Location: Abu Dhabi 
Duration: Yearly Renewable Contract 
Role Summary: 
We are looking for a Site Reliability Engineer (SRE) to maintain the availability, scalability, and performance of critical services deployed across cloud and on-premise environments.
This role combines software engineering and systems engineering to automate operations and improve reliability in CI/CD and production environments.
Key Responsibilities: 
- Maintain uptime and performance of applications deployed across hybrid infrastructure 
 - Implement observability (logging, metrics, tracing) using Prometheus, Grafana, ELK, Azure Monitor 
 - Troubleshoot production issues, participate in incident response, and root cause analysis 
 - Automate infrastructure, monitoring, and runbooks using IaC tools and scripting 
 - Implement and track SLOs, SLIs, and error budgets 
 - Build self-healing systems and resilient deployments 
 - Collaborate with developers, security teams, and cloud engineers to enforce reliability practices 
  
Required Skills: 
·      Experience with Azure/AWS/GCP monitoring tools and on-prem observability stacks 
·      Strong in Linux/Unix administration, scripting (Python, Bash) 
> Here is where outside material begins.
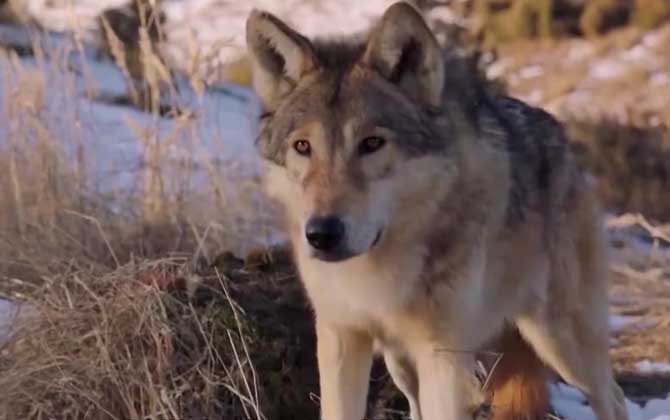 狼(野狼、灰狼)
·      Hands-on with CI/CD pipelines, Kubernetes, and Helm 
·      Good understanding of load balancing, failover, HA architecture 
·      Familiar with incident management, postmortem writing, and runbook creation 
Preferred Qualifications: 
- Experience with Terraform, Ansible, or Pulumi 
 - Knowledge of service mesh (Istio, Linkerd) and API gateway configurations 
 - Certifications: SRE Foundation, Azure/AWS Cloud Practitioner, or Kubernetes Administrator (CKA) 
 - Awareness of compliance standards (CIS, NIST, ISO 27001)